Un printemps européen

  • L’économie européenne a subi un fort coup de frein en 2018
  • Les marchés pourraient anticiper un second semestre plus rassurant

Quoi qu’on en pense, c’est l’un des thèmes d’investissement les plus honnis du moment. En difficultés économiques et politiques, l’Europe fait pâle figure depuis le printemps 2018 aux côtés des marchés américain et suisse. Et si les actions européennes rattrapaient le terrain perdu à l’horizon de l’été?

Oubliés 2017 et ses presque 3% de croissance, l’an dernier, la zone euro a vu son économie ralentir fortement. Un mouvement qui se prolonge cette année puisque la croissance est attendue aux environs de 1%.

Difficultés économiques

Ce coup de frein relativement brusque s’explique par des facteurs intrinsèques, comme les problèmes structurels qui n’ont pas été résolus depuis la crise financière de 2008. Mais pas seulement. Si la zone euro a vécu des moments de quasi-euphorie, elle le doit grandement au soutien de la Banque centrale européenne (BCE). Or, comme un corps malade qui s’habitue à ses médicaments, l’économie européenne n’a pas eu ensuite les moyens de résister aux changements intervenus dans l’environnement économique mondial. Elle a ainsi subi de plein fouet le ralentissement de l’économie chinoise à laquelle elle est particulièrement exposée.

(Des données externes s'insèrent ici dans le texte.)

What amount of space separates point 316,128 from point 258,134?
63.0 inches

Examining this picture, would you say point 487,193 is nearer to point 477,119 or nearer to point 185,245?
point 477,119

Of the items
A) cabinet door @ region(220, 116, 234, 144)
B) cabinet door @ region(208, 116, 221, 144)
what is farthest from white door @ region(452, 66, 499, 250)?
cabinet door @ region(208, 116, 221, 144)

Ce mouvement est en outre intervenu alors que se faisaient encore sentir les effets du renforcement de l’euro entre la mi-2017 et avril 2018. À ces différents éléments s’ajoutent les tensions sociopolitiques qui prévalent dans plusieurs pays, comme la France ou l’Italie, sans même parler des effets d’un Brexit qui traîne en longueur.

Léger espoir

Un cas désespéré, l’Europe? Ce n’est pas ce que montrent les indicateurs avancés. Leur léger redressement permet de garder l’espoir d’une amélioration au second semestre. Alors oui, ils partent de très bas, mais plusieurs éléments permettent de différencier la situation actuelle de celle de la crise de 2012-2013. À commencer par la situation du marché du travail. La dynamique de l’emploi a cette fois résisté au ralentissement. Le taux de chômage dans la zone euro a atteint son plus bas niveau depuis l’automne 2008 à 7,8%.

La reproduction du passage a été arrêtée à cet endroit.